-- Data provided follows --
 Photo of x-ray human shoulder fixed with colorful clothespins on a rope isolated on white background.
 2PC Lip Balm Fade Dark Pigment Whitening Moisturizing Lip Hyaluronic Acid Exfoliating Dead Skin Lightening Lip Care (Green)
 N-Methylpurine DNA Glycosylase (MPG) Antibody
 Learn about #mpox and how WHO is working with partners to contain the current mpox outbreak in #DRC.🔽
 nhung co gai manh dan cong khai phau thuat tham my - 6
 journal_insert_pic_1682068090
-- Data provided concluded --
Work to complete:
The data above is to be given again, with every line exact.

The answer:
 Photo of x-ray human shoulder fixed with colorful clothespins on a rope isolated on white background.
 2PC Lip Balm Fade Dark Pigment Whitening Moisturizing Lip Hyaluronic Acid Exfoliating Dead Skin Lightening Lip Care (Green)
 N-Methylpurine DNA Glycosylase (MPG) Antibody
 Learn about #mpox and how WHO is working with partners to contain the current mpox outbreak in #DRC.🔽
 nhung co gai manh dan cong khai phau thuat tham my - 6
 journal_insert_pic_1682068090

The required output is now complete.